So everything I read that contains the words 2018 MacBooks Pro SSDs says that they're the fastest ever, and quoting 2.5K read/write speeds.

This is obviously great news, but I am wondering if this is specific to the more expensive higher capacity configurations. It is not uncommon for manufacturers to limit performance on smaller drives.

Does anyone know if the entry level 13" / 15" 256GB SSD is also able to do 2.5K read/write?
I really don't need more than 256GB as I only work on a single project at a time before archiving into a storage HDD, but I will appreciate the SSDs speeds.

Thank you in advance!
 
It is not uncommon for manufacturers to limit performance on smaller drives.
It's not that they limit anything as such, typically. It's because flash memory really isn't all that fast in of itself (goes doubly for MLC or especially TLC flash which is only a small fraction of SLC flash speed.) To make a really fast flash SSD, many flash memory dies are accessed in parallel, but in smaller drives you have fewer dies, so less parallelism, and thus a slower drive.

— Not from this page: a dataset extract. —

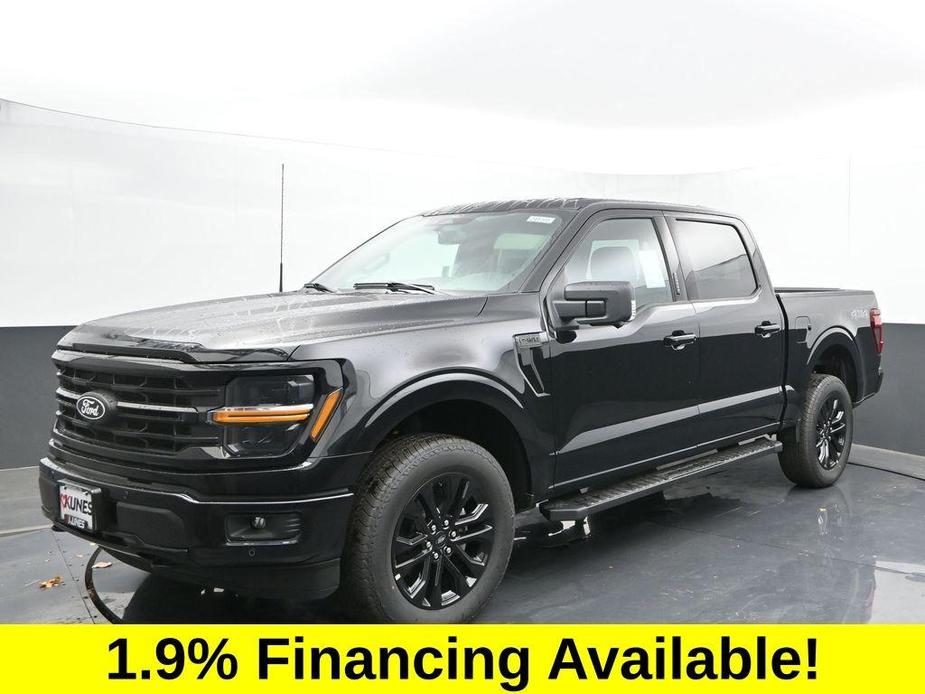 new 2024 Ford F-150 car, priced at $52,129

You could retain speed by using more lower-capacity dies rather than a few high capacity dies, but that is typically more costly. So it depends on what Apple is doing, and from what I've seen nobody has tested different capacity drives yet - probably because it requires multiple laptops, and the large capacity drive versions are super expensive.

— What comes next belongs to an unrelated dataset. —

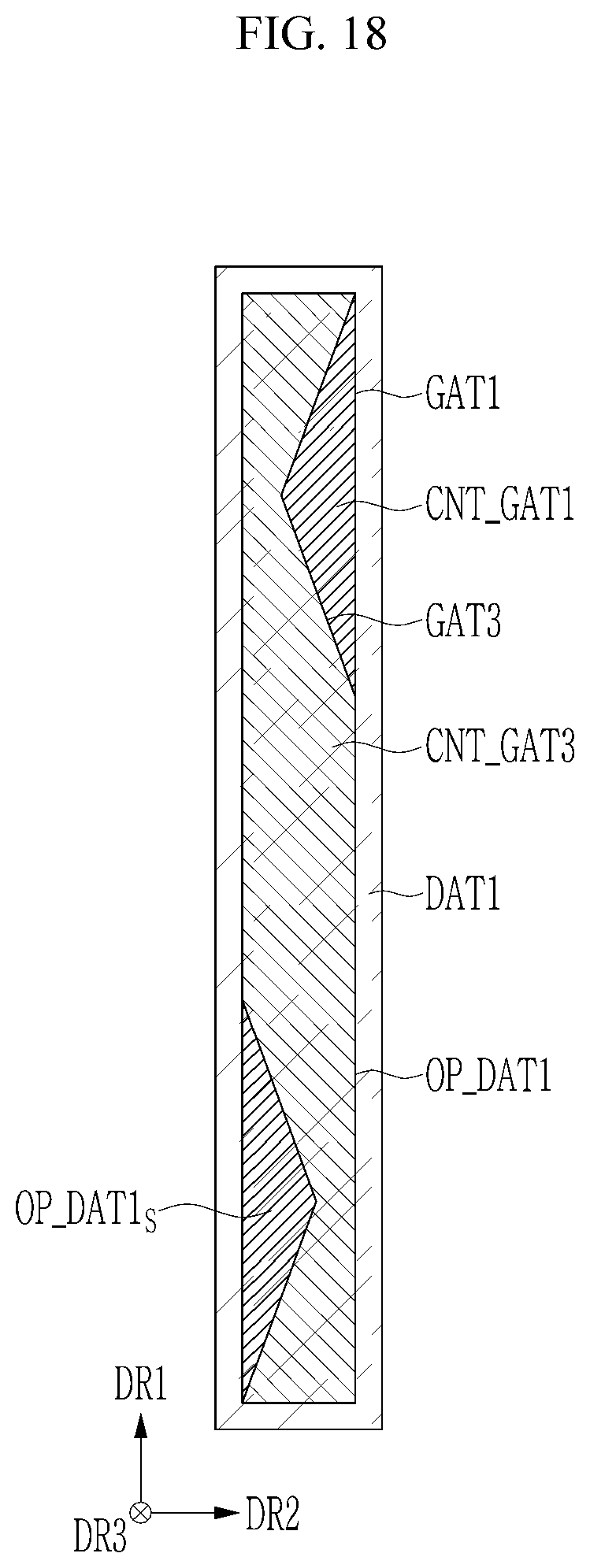 Patent US12414373 Figure 18 – Display device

Anyway, Apple's specs are typically not attainable in most real-world usage scenarios; flash drives only hit max read or write speed with large block size linear reads or writes, which basically only happens during large file writes/copies. So unless your work exclusively involves copying very large files again and again, you won't hit stated performance figures anyway. :p
 
For perspective on real world experience, it's almost exactly 2x faster at decompressing large files than the 2014 15" MacBook Pro.